A research team from the University of Bristol has potentially made a significant breakthrough in the field of quantum computing after discovering a way of putting all necessary components on a single microchip.
In an announcement, the team led by Dr Mark Thompson said that for the first time they have been able to produce and control photons on the same silicon microchip that comprises all the other necessary elements of a quantum computer chip, which has never been done before.
The findings, which have been published in peer-reviewed magazine Nature Photonics, is expected to greatly advance the field of quantum computing because this application will make the development and creation of quantum computing much cheaper than the previous method of photon production and control on a separate microchip.

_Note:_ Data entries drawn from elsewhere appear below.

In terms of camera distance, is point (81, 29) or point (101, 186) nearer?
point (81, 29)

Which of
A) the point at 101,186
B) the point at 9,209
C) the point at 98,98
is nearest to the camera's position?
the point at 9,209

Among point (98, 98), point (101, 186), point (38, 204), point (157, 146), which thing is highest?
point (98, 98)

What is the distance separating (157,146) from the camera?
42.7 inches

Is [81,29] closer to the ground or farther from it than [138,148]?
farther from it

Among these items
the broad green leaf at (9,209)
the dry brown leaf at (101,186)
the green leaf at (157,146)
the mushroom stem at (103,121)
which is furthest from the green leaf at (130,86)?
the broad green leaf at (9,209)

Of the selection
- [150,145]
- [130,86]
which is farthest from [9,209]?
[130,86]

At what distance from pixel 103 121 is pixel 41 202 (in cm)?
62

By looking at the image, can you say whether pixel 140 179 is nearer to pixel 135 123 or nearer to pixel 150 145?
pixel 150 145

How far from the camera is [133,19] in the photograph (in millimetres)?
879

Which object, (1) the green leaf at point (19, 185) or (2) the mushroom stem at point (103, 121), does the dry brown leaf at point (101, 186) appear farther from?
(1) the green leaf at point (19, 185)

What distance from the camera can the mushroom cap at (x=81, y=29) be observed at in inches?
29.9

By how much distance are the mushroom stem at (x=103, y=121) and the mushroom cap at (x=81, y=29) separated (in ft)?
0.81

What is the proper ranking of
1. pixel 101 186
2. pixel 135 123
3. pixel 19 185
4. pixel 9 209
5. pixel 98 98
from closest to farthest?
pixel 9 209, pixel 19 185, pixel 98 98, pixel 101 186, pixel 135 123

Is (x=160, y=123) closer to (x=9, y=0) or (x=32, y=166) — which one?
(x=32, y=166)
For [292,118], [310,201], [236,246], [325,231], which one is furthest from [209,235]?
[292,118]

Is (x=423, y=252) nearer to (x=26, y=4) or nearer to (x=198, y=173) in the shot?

Quantum computing is still very much in its infancy but the uses of these potential revolutionary computers may perhaps replace conventional information and computing devices in applications ranging from ultra-secure communications and high-precision sensing to the most powerful computers that have ever been built.
A whole new field of engineering
Speaking about the discovery, lead author of the published paper, Joshua Silverstone was initially shocked at the discovery. “We were surprised by how well the integrated sources performed together. They produced high-quality identical photons in a reproducible way, confirming that we could one day manufacture a silicon chip with hundreds of similar sources on it, all working together. This could eventually lead to an optical quantum computer capable of performing enormously complex calculations.”

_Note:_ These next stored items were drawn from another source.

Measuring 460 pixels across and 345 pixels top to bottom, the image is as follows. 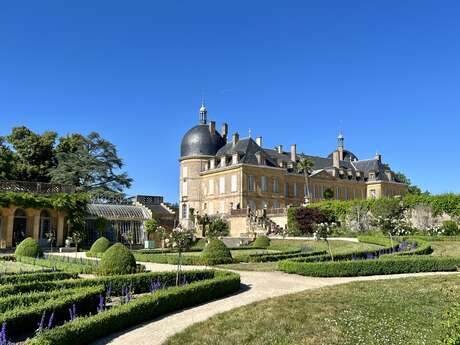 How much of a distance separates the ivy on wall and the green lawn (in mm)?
23911

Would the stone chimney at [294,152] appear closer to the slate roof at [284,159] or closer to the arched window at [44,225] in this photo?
the slate roof at [284,159]

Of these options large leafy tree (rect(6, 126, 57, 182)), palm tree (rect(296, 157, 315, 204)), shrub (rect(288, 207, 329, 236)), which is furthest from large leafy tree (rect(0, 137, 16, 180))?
palm tree (rect(296, 157, 315, 204))

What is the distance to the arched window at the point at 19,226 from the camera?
1195 inches

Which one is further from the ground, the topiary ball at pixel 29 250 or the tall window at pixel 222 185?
the tall window at pixel 222 185

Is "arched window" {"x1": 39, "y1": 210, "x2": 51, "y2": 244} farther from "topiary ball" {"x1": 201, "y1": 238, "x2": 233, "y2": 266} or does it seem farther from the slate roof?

The field of quantum computing is like nothing that has come before it and as a result, has required a whole new breed of engineers that have been studying solely in the field of quantum computing.
The Bristol team comprised of researchers from a range of different companies and organisations who will one day be looking to avail of the technology, including Toshiba, Stanford University, University of Glasgow and TU Delft from the Netherlands.
Thompson believes it is only a matter of years before their achievements will see quantum computing become more of a reality. “Our group has been making steady progress towards a functioning quantum computer over the last five years. We hope to have within the next couple of years photon-based devices complex enough to rival modern computing hardware for highly specialised tasks.”